### Exercise goal
As an exercise, transcribe the data below in full and exactly, omitting pictures.

### The input
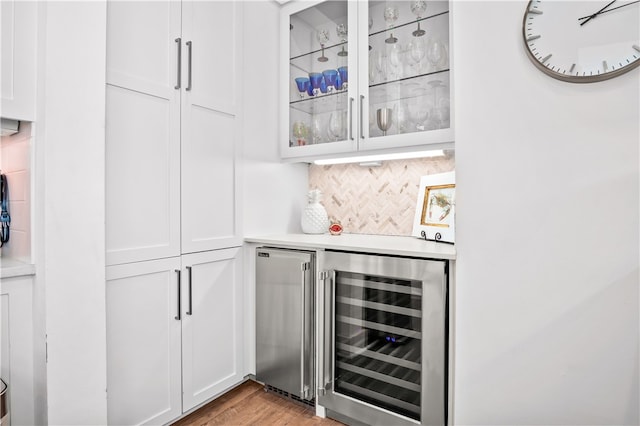 bar featuring white cabinets, wine cooler, tasteful backsplash, light hardwood / wood-style flooring, and stainless steel fridge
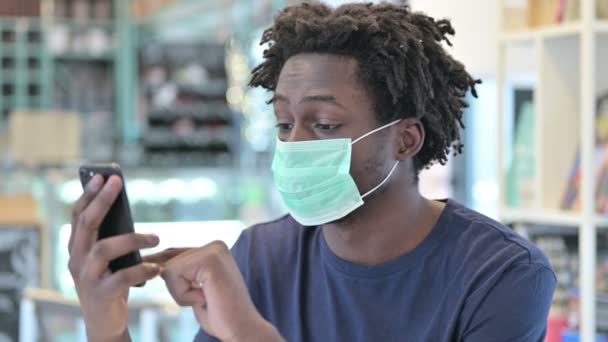 Portrait of African Man with Face Mask Using Smartphone — Stock Video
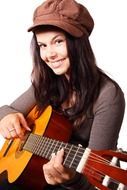 girl in a cap with a guitar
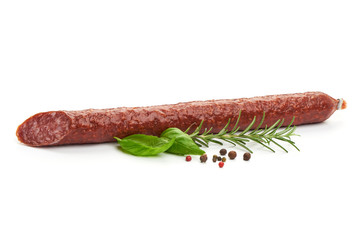 Fresh and dried sausage with herbs, close-up, isolated on white background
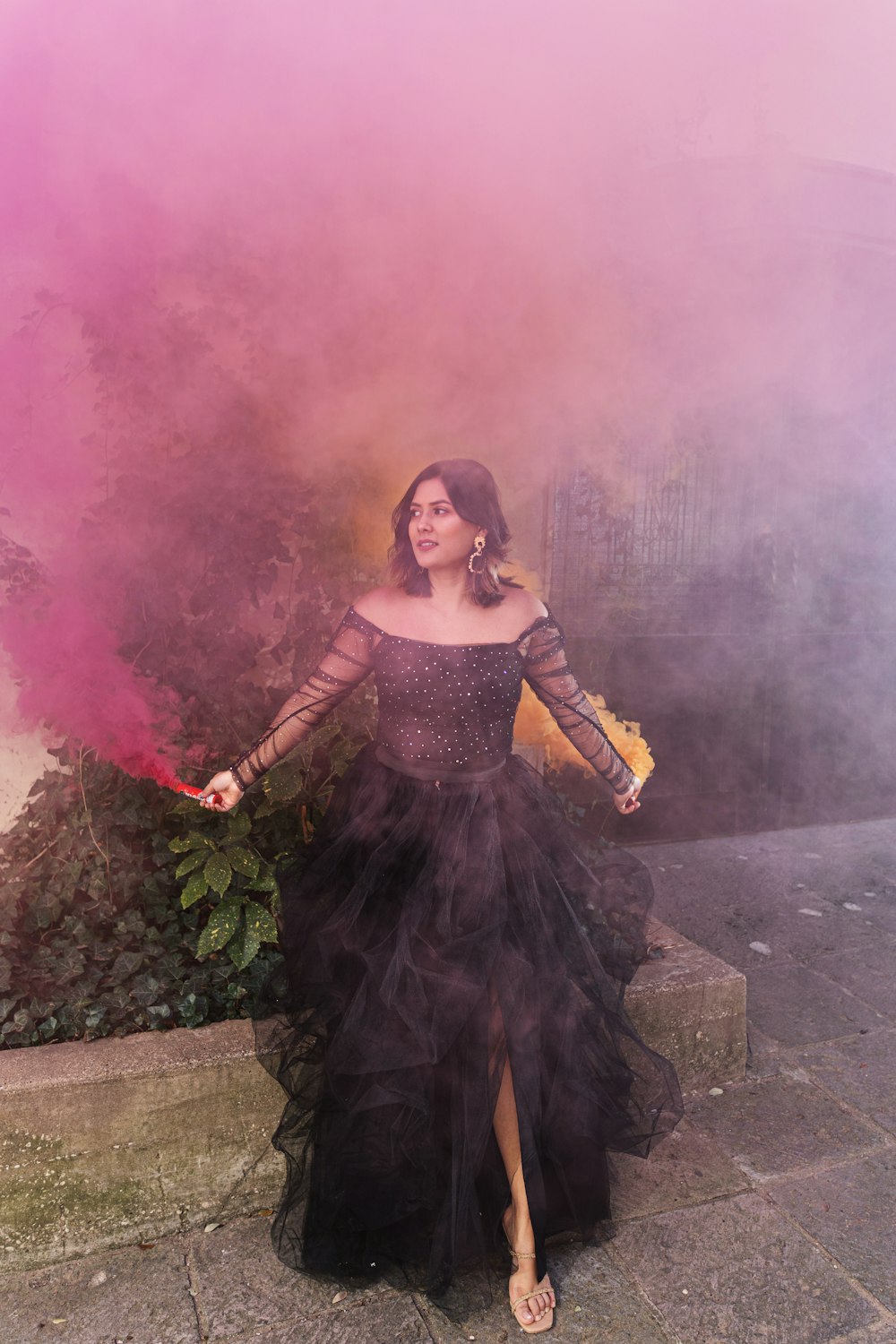 Une femme vêtue d'une longue robe noire tenant une bombe fumigène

### Response to the exercise
 bar featuring white cabinets, wine cooler, tasteful backsplash, light hardwood / wood-style flooring, and stainless steel fridge
 Portrait of African Man with Face Mask Using Smartphone — Stock Video
 girl in a cap with a guitar
 Fresh and dried sausage with herbs, close-up, isolated on white background
 Une femme vêtue d'une longue robe noire tenant une bombe fumigène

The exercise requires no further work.